Cisco’s social networking adventure
March 9, 2007
For the past few years, Cisco Systems has been trying to diversify its revenue stream by moving away from the internet backbone - where it dominates - and closer to end users. By doing so, Cisco hopes to caputure more of the value of the data that flows through its swtiches and routers and into homes and businesses.
This strategy has won plaudits in Silicon Valley and on Wall Street. But even the Cisco’s biggest fans may be scratching their heads over the company’s latest move to build a portfolio in social networking.
On Monday, Cisco announced that it had agreed to a partial acquisition of Utah Street Networks, the company behind the social networking site tribe.net. The announcement followed news last month that Cisco had agreed to buy Five Across, a company that lets customers add user-generated communities and other social networking features to their websites.
Most of Cisco’s recent excursions into adjacent markets - such as its booming IP telephony business - have enjoyed clear synergies with the company’s core networking business. It is harder to see where social networking fits in.
Read more after the jump.
Most Cisco businesses that involve content creation - such as its high-definition ‘Telepresence’ video conferencing service - are as much about moving data as they are about capturing it. But for today, at least, social networking is more about content creation and advertising than it is about moving content across networks.
The values of the Utah Street and Five Across deals were not disclosed, but we can assume they were fairly small. One could argue that Cisco does not have much to lose. In fact, it’s probably healthy for a company as big as Cisco to try new things. At its present size, Cisco needs to find billions of dollars in new business each year to maintain its current growth rate.

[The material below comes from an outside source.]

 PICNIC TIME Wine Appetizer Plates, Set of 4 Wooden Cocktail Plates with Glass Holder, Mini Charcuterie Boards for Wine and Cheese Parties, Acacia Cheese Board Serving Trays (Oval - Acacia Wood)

In order for social networking to be anything more than a curiosity to Cisco, social networking sites need to make the transition from the low-fi, short form video and other lightweight content that currently dominate the medium to high-definition, long-form video and other bandwidth-hogging files that lead to demand for network upgrades.
This may already be happening, judging by the early interest in Joost, the Internet ‘TV-killer’ launched earlier this year by the founders of Skype. The site, which has partnered with several stuidos to serve up high-quality longer-form content, also offers some social networking features.
Even if social networking audiences move towards higher-bandwidth content, it is unclear whether buying social networking assets would be the best way for Cisco to benefit. For the time being, Cisco’s social networking adventure still seems a bit of a stretch.